List:Commits« Previous MessageNext Message »
From:Gleb Shchepa Date:November 14 2009 2:11pm
Subject:bzr commit into mysql-5.1-bugteam branch (gshchepa:3201) Bug#45640
View as plain text  
#At file:///work/45640-5.1/ based on revid:jorgen.loland@stripped

 3201 Gleb Shchepa	2009-11-14
      Bug #45640: optimizer bug produces wrong results
      
      Grouping by a subquery in a query with a distinct aggregate
      function lead to a wrong result (wrong and unordered
      grouping values).
      
      There are two related problems:
      
      1) The query like this:
      
         SELECT (SELECT t1.a) aa, COUNT(DISTINCT b) c
         FROM t1 GROUP BY aa
      
      returned wrong result, because the outer reference "t1.a"
      in the subquery was substituted with the Item_ref item.
      
      The Item_ref item obtains data from the result_field object
      that refreshes once after the end of each group.
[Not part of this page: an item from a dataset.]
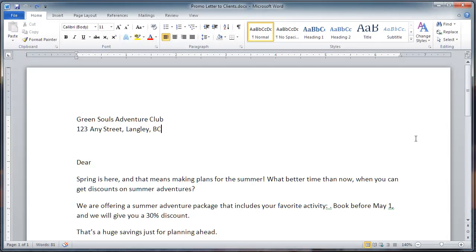Welcome to another video in the FastOffice computer training series of MS Office Best Practices. This series will help you work with MS Office to perform your tasks more efficiently. In this video, you will learn how to use the mail merge feature in MS Word 2010 to send a promotion to a few clients.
This data
      is not applicable to filesort since filesort() doesn't care
      about groups (and doesn't update result_field objects with
      copy_fields() and so on). Also that data is not applicable
      to group separation algorithm: end_send_group() checks every
      record with test_if_group_changed() that evaluates Item_ref
      items, but it refreshes those Item_ref-s only after the end
      of group, that is a vicious circle and the grouped column
      values in the output are shifted.
      
      Fix: if 
             a) we grouping by a subquery and 
             b) that subquery has outer references to FROM list
                of the grouping query,
           then we substitute these outer references with
           Item_direct_ref like references under aggregate
           functions: Item_direct_ref obtains data directly
           from the current record.
      
      
      2) The query with a non-trivial grouping expression like:
      
         SELECT (SELECT t1.a) aa, COUNT(DISTINCT b) c
         FROM t1 GROUP BY aa+0
      
      also returned wrong result, since JOIN::exec() substitutes
      references to top-level aliases in SELECT list with Item_copy
      caching items. Item_copy items have same refreshing policy
      as Item_ref items, so the whole groping expression with
      Item_copy inside returns wrong result in filesort() and
      end_send_group().
      
      Fix: include aliased items into GROUP BY item tree instead
           of Item_ref references to them.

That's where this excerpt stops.